Fig. 6. HiPore-C reveals a cell type-specific enhancer hub at the β-globin locus.

Clustering of HiPore-C reads covering the human β-globin locus in K562 (a) and GM12878 (b) cells (The HiPore-C reads were binned at 1 kb resolution. Only reads containing three or more fragments in the region of Chr11:5.19-5.30 Mb were used to perform clustering. Fifty percent of the reads from each cluster were randomly selected and visualized in multi-contact read panels). Multiway contact analysis anchored at human ε- and Gγ-/Aγ-globin gene promoters in K562 (c) and GM12878 (d) cell lines.
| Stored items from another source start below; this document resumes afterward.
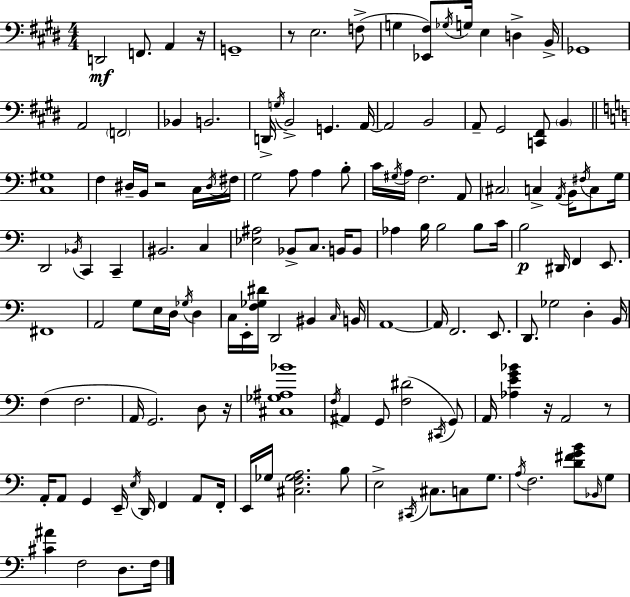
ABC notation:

X:1
T:Untitled
M:4/4
L:1/4
K:E
D,,2 F,,/2 A,, z/4 G,,4 z/2 E,2 F,/2 G, [_E,,^F,]/2 _G,/4 G,/4 E, D, B,,/4 _G,,4 A,,2 F,,2 _B,, B,,2 D,,/4 G,/4 B,,2 G,, A,,/4 A,,2 B,,2 A,,/2 ^G,,2 [C,,^F,,]/2 B,, [C,^G,]4 F, ^D,/4 B,,/4 z2 C,/4 ^D,/4 ^F,/4 G,2 A,/2 A, B,/2 C/4 ^G,/4 A,/4 F,2 A,,/2 ^C,2 C, A,,/4 B,,/4 ^F,/4 C,/2 G,/4 D,,2 _B,,/4 C,, C,, ^B,,2 C, [_E,^A,]2 _B,,/2 C,/2 B,,/4 B,,/2 _A, B,/4 B,2 B,/2 C/4 B,2 ^D,,/4 F,, E,,/2 ^F,,4 A,,2 G,/2 E,/4 D,/4 _G,/4 D, C,/4 E,,/4 [F,_G,^D]/4 D,,2 ^B,, C,/4 B,,/4 A,,4 A,,/4 F,,2 E,,/2 D,,/2 _G,2 D, B,,/4 F, F,2 A,,/4 G,,2 D,/2 z/4 [^C,_G,^A,_B]4 F,/4 ^A,, G,,/2 [F,^D]2 ^C,,/4 G,,/2 A,,/4 [_A,EG_B] z/4 A,,2 z/2 A,,/4 A,,/2 G,, E,,/4 E,/4 D,,/4 F,, A,,/2 F,,/4 E,,/4 _G,/4 [^C,F,_G,A,]2 B,/2 E,2 ^C,,/4 ^C,/2 C,/2 G,/2 A,/4 F,2 [D^FGB]/2 _B,,/4 G,/2 [^C^A] F,2 D,/2 F,/4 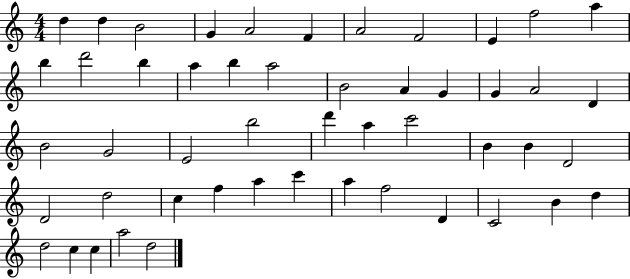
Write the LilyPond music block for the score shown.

{
  \clef treble
  \numericTimeSignature
  \time 4/4
  \key c \major
  d''4 d''4 b'2 | g'4 a'2 f'4 | a'2 f'2 | e'4 f''2 a''4 | \break b''4 d'''2 b''4 | a''4 b''4 a''2 | b'2 a'4 g'4 | g'4 a'2 d'4 | \break b'2 g'2 | e'2 b''2 | d'''4 a''4 c'''2 | b'4 b'4 d'2 | \break d'2 d''2 | c''4 f''4 a''4 c'''4 | a''4 f''2 d'4 | c'2 b'4 d''4 | \break d''2 c''4 c''4 | a''2 d''2 | \bar "|."
} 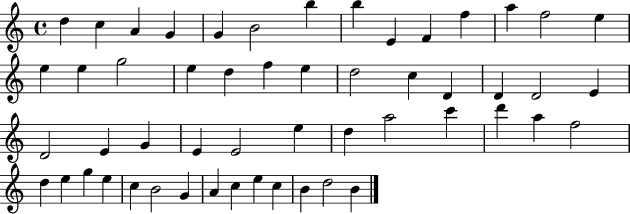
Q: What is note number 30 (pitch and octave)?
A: G4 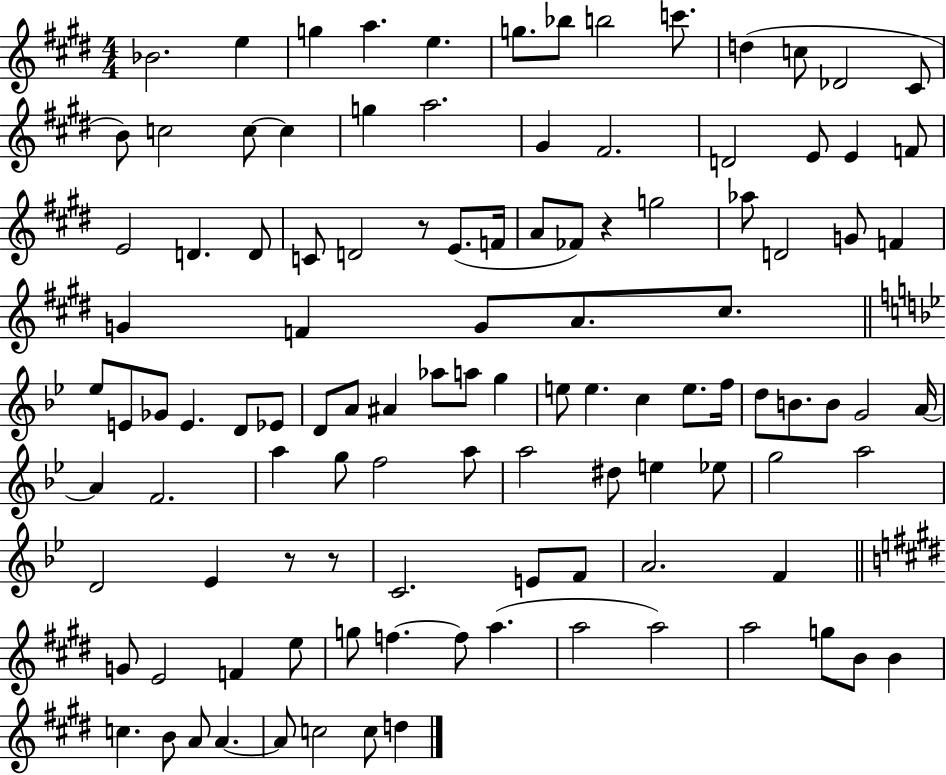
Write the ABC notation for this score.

X:1
T:Untitled
M:4/4
L:1/4
K:E
_B2 e g a e g/2 _b/2 b2 c'/2 d c/2 _D2 ^C/2 B/2 c2 c/2 c g a2 ^G ^F2 D2 E/2 E F/2 E2 D D/2 C/2 D2 z/2 E/2 F/4 A/2 _F/2 z g2 _a/2 D2 G/2 F G F G/2 A/2 ^c/2 _e/2 E/2 _G/2 E D/2 _E/2 D/2 A/2 ^A _a/2 a/2 g e/2 e c e/2 f/4 d/2 B/2 B/2 G2 A/4 A F2 a g/2 f2 a/2 a2 ^d/2 e _e/2 g2 a2 D2 _E z/2 z/2 C2 E/2 F/2 A2 F G/2 E2 F e/2 g/2 f f/2 a a2 a2 a2 g/2 B/2 B c B/2 A/2 A A/2 c2 c/2 d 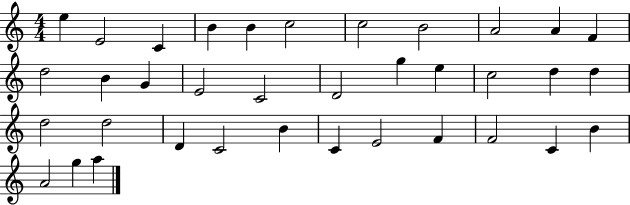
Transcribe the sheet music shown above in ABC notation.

X:1
T:Untitled
M:4/4
L:1/4
K:C
e E2 C B B c2 c2 B2 A2 A F d2 B G E2 C2 D2 g e c2 d d d2 d2 D C2 B C E2 F F2 C B A2 g a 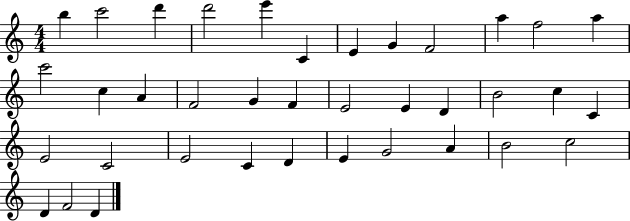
{
  \clef treble
  \numericTimeSignature
  \time 4/4
  \key c \major
  b''4 c'''2 d'''4 | d'''2 e'''4 c'4 | e'4 g'4 f'2 | a''4 f''2 a''4 | \break c'''2 c''4 a'4 | f'2 g'4 f'4 | e'2 e'4 d'4 | b'2 c''4 c'4 | \break e'2 c'2 | e'2 c'4 d'4 | e'4 g'2 a'4 | b'2 c''2 | \break d'4 f'2 d'4 | \bar "|."
} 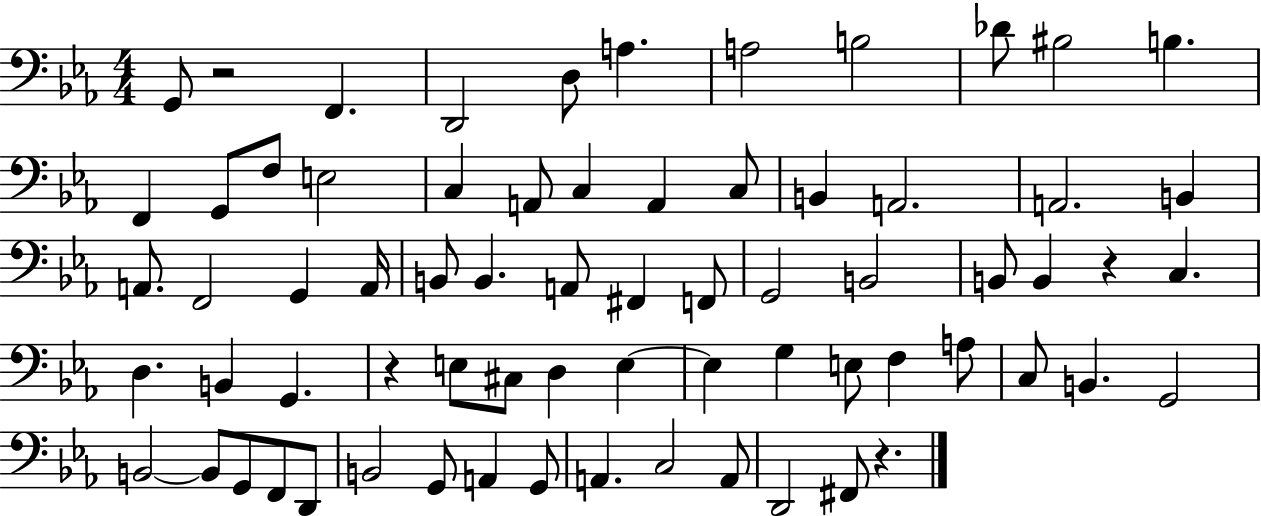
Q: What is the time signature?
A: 4/4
Viewpoints are shown as anchors. Reads from each cluster were randomly sampled 100 times to generate subsample sets. The relative appearance frequency of reads with viewpoints was calculated. Lines with shading represent the mean±sd of the bin relative appearance frequency in the subsample sets. The statistical significance of the relative appearance frequency of bins was calculated by comparing the two clusters using a two-sided Welch’s test with Bonferroni correction and is depicted with gray and dark red bars (gray, non-significant, adjusted P > = 0.01; red, significant, adjusted P < 0.01). e Multiway contacts at the human β-globin gene locus formed by simultaneous interactions of human ε- and Gγ-/Aγ-globin genes and two hypersensitive enhancer sites (HS2 and HS1). f A graphic showing the multiway contacts formed by simultaneous interactions of three human ε- and Gγ-/Aγ-globin genes and two hypersensitive enhancer sites (HS2 and HS1). g Multiway contacts at the human β-globin gene locus formed by simultaneous interactions of the human ε-globin gene and hypersensitive sites (HS2, HS1, and HS5-HS3) in the locus control region. h A graphic showing the multiway contacts in g.